- **Task**:
Every line from the start of the data through the line containing "免炖小米南瓜玉米粥冲泡即食免煮独立包装速食早餐糖尿人无糖稀饭" should be retyped exactly; the pictures should not.

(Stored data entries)
--- START ---

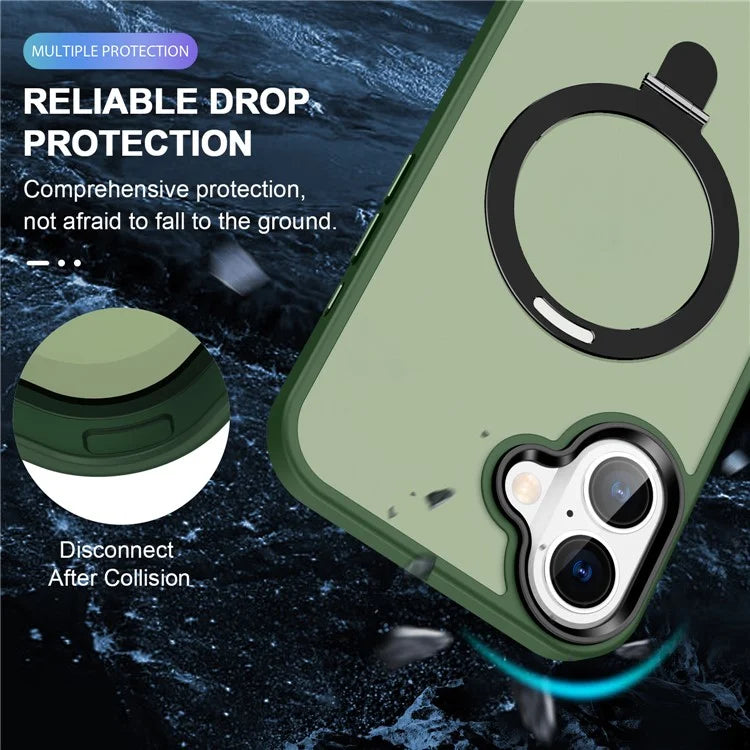 For iPhone 16 Case Compatible with MagSafe Kickstand Back Phone Cover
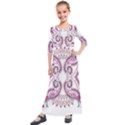 Pink Flower Cartoon Kids  Quarter Sleeve Maxi Dress View1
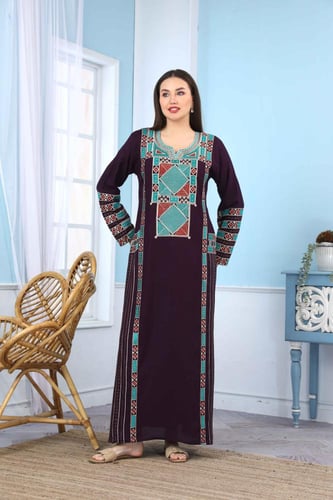 جلابية استايل عسيري لون موف موديل DB5-73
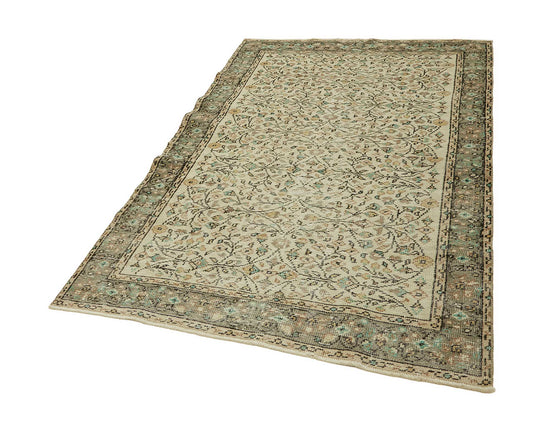 4x7 Beige Turkish Vintage Area Rug - 45779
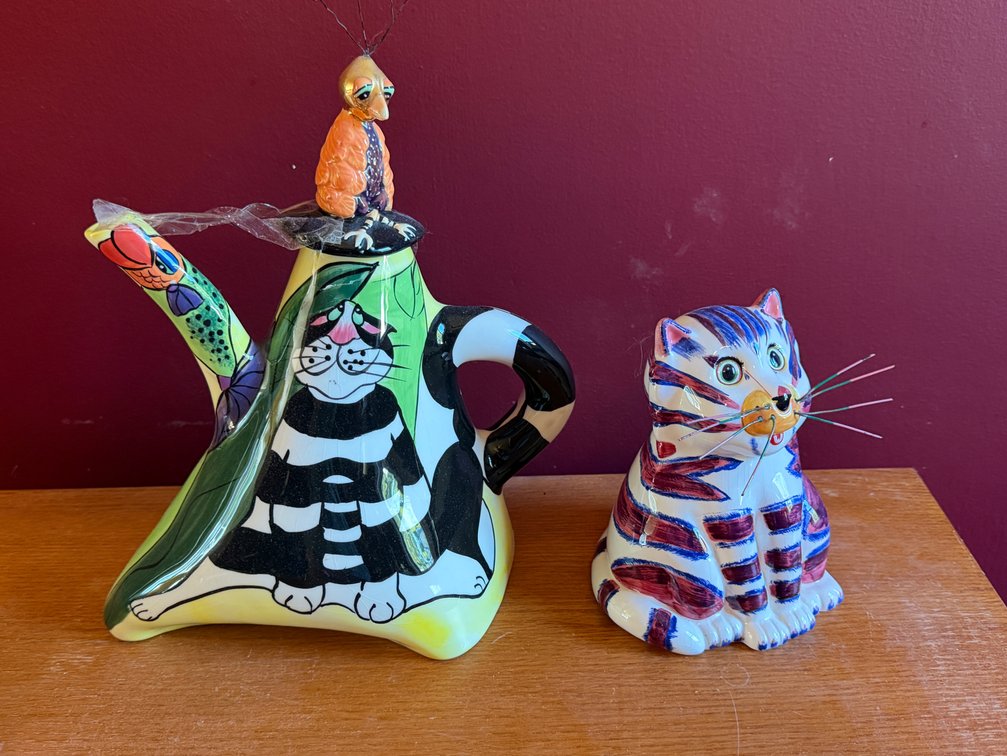Ceramic Cat Teapot and Figural Cat Coin Bank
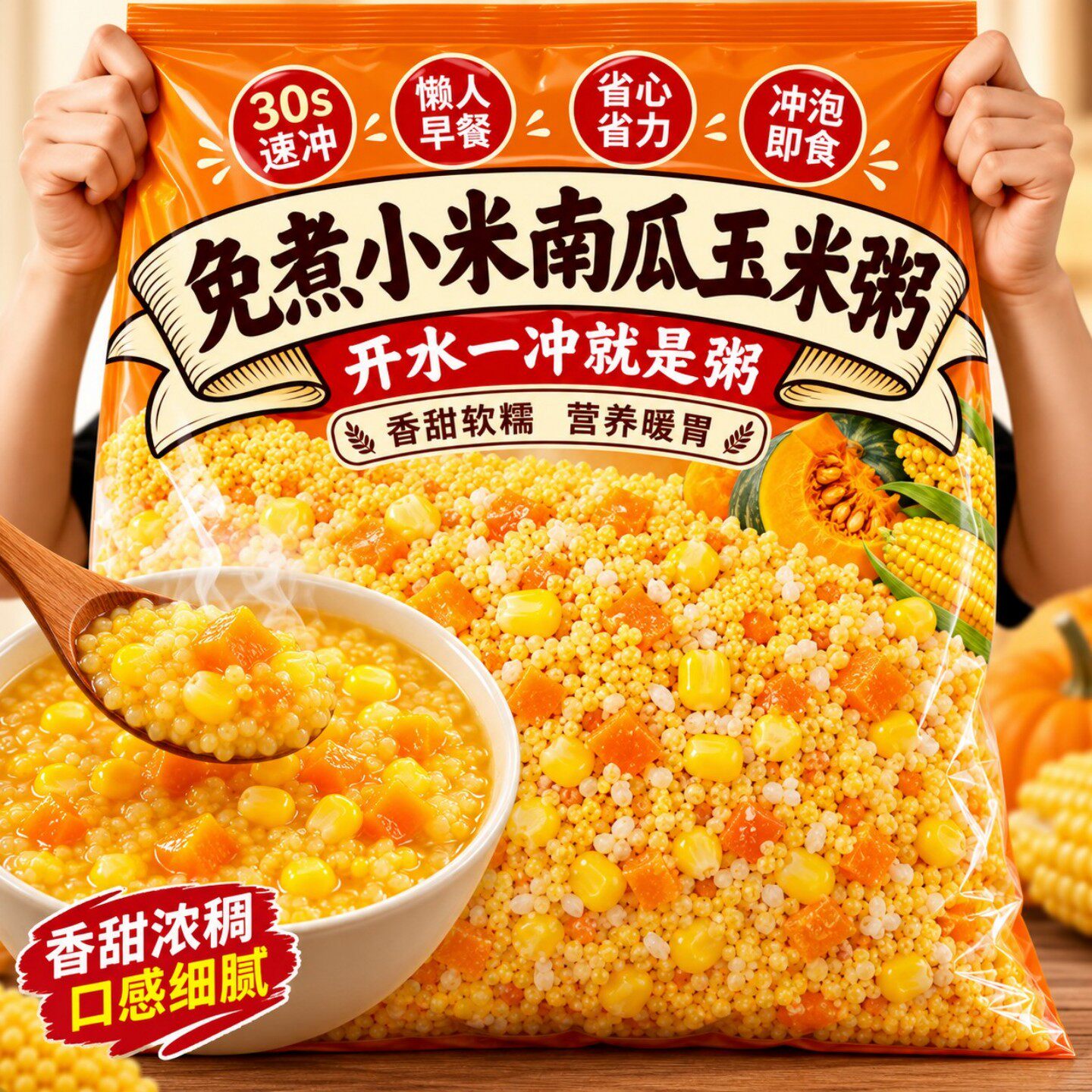 免炖小米南瓜玉米粥冲泡即食免煮独立包装速食早餐糖尿人无糖稀饭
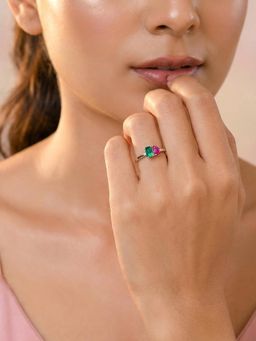 Ornate Jewels - 925 Silver Rhodium Plated Multi-Color Dual Delight Ring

--- END ---

- **Exercise output**:
 For iPhone 16 Case Compatible with MagSafe Kickstand Back Phone Cover
 Pink Flower Cartoon Kids  Quarter Sleeve Maxi Dress View1
 جلابية استايل عسيري لون موف موديل DB5-73
 4x7 Beige Turkish Vintage Area Rug - 45779
Ceramic Cat Teapot and Figural Cat Coin Bank
 免炖小米南瓜玉米粥冲泡即食免煮独立包装速食早餐糖尿人无糖稀饭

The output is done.